■ **PROVIDED RECORDS**:
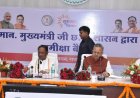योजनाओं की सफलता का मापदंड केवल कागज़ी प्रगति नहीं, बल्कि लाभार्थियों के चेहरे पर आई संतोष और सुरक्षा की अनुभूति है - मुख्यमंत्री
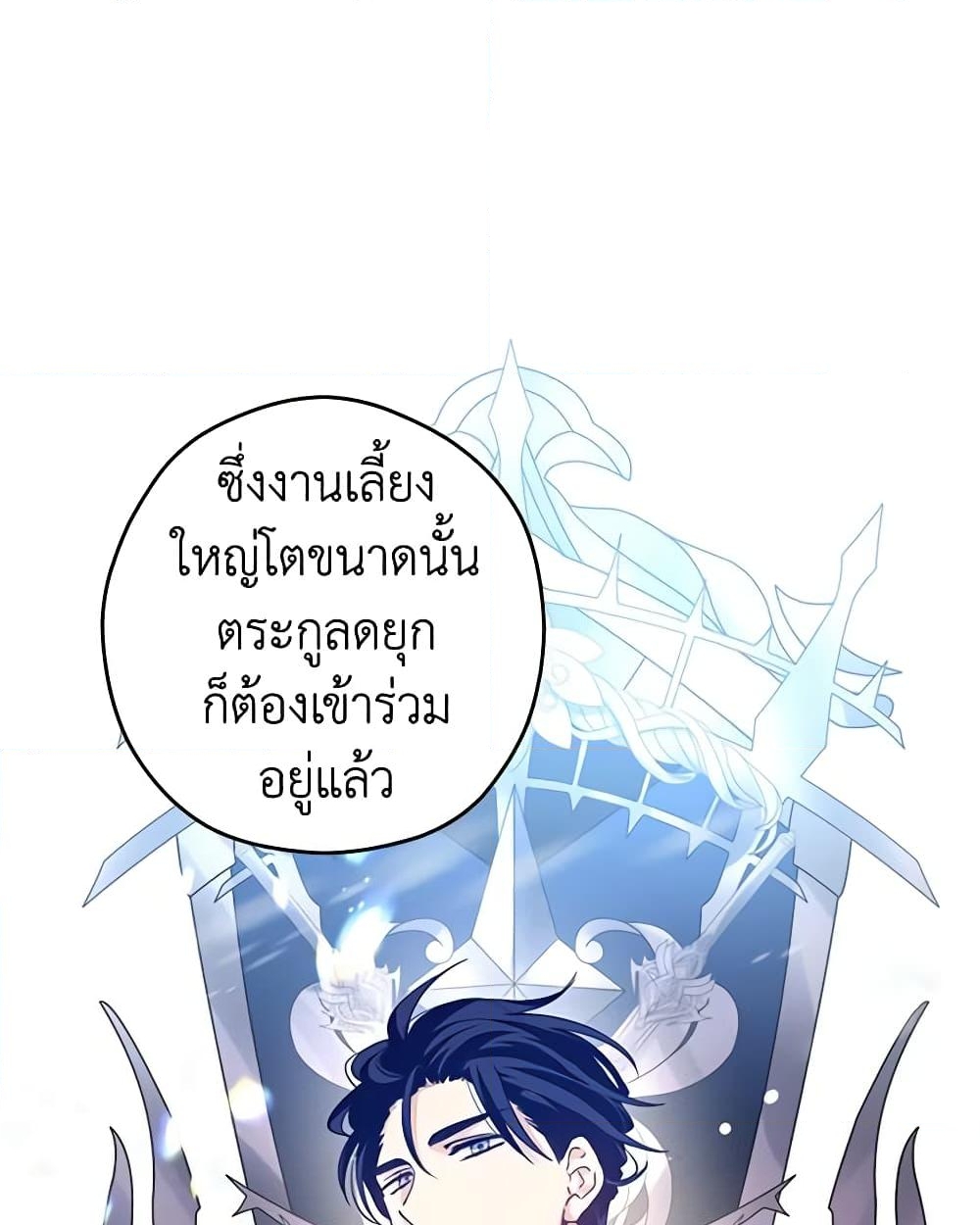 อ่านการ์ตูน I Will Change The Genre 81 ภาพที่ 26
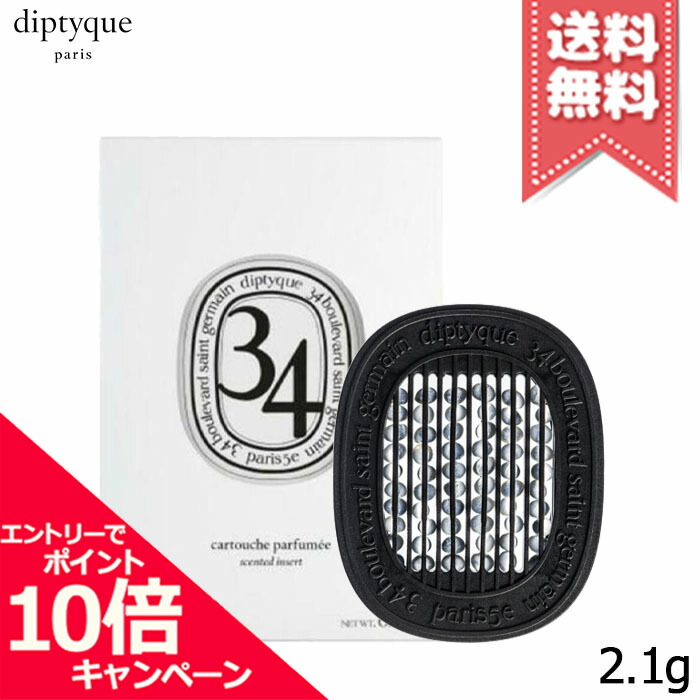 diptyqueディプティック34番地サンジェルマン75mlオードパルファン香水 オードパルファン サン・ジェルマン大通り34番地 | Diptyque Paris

* * *

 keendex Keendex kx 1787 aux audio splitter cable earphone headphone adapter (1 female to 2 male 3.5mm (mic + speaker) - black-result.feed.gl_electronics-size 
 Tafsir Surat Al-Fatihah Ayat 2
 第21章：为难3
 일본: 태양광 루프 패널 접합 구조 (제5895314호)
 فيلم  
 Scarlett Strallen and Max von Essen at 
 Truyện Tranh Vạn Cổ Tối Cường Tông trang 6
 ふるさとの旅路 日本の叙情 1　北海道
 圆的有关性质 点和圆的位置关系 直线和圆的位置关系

* * *

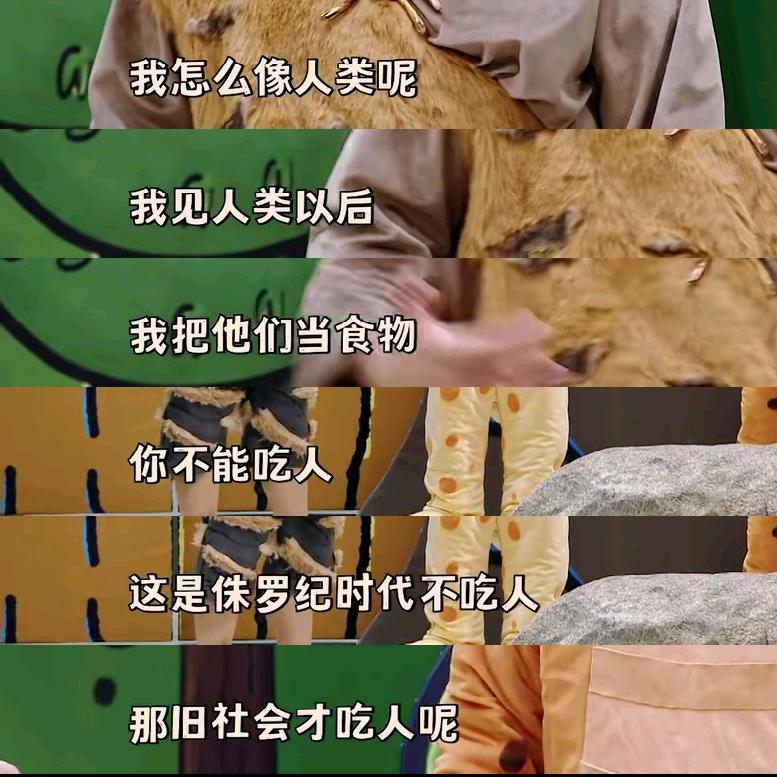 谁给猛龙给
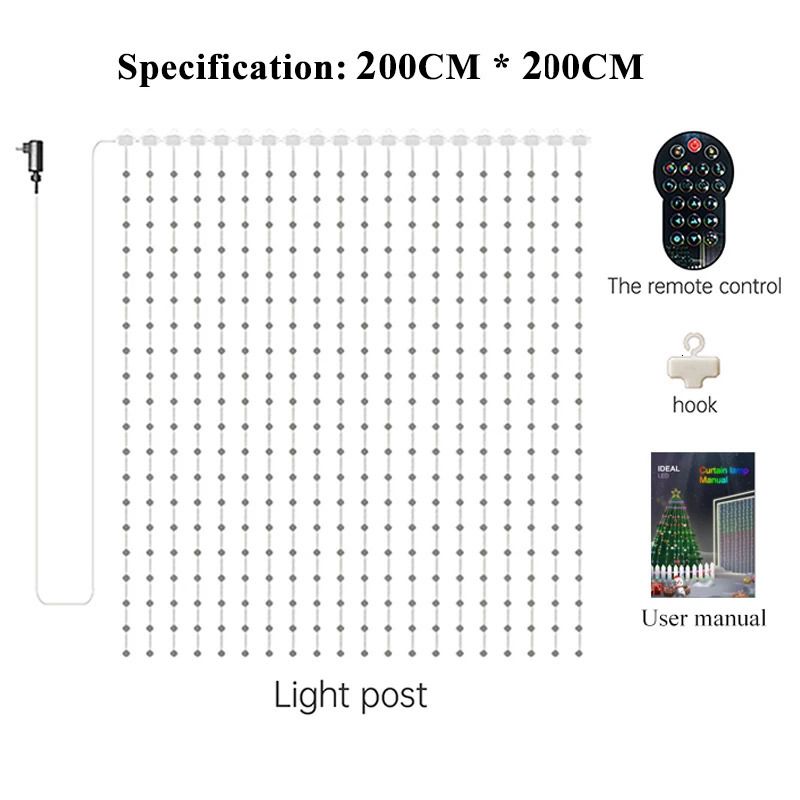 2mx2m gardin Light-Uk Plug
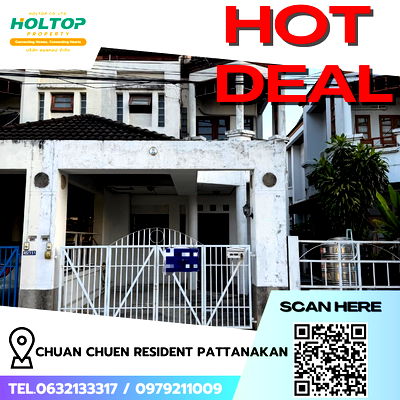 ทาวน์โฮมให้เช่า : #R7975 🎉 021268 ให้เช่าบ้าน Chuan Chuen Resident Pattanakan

■ **EXERCISE GOAL**: Copy only the lines above from the one containing "योजनाओं की सफलता" through the one containing "サン・ジェルマン大通り34番地 | Diptyque Paris", both included. Leave out the pictures.

■ **ANSWER BOX**:
योजनाओं की सफलता का मापदंड केवल कागज़ी प्रगति नहीं, बल्कि लाभार्थियों के चेहरे पर आई संतोष और सुरक्षा की अनुभूति है - मुख्यमंत्री
 อ่านการ์ตูน I Will Change The Genre 81 ภาพที่ 26
 diptyqueディプティック34番地サンジェルマン75mlオードパルファン香水 オードパルファン サン・ジェルマン大通り34番地 | Diptyque Paris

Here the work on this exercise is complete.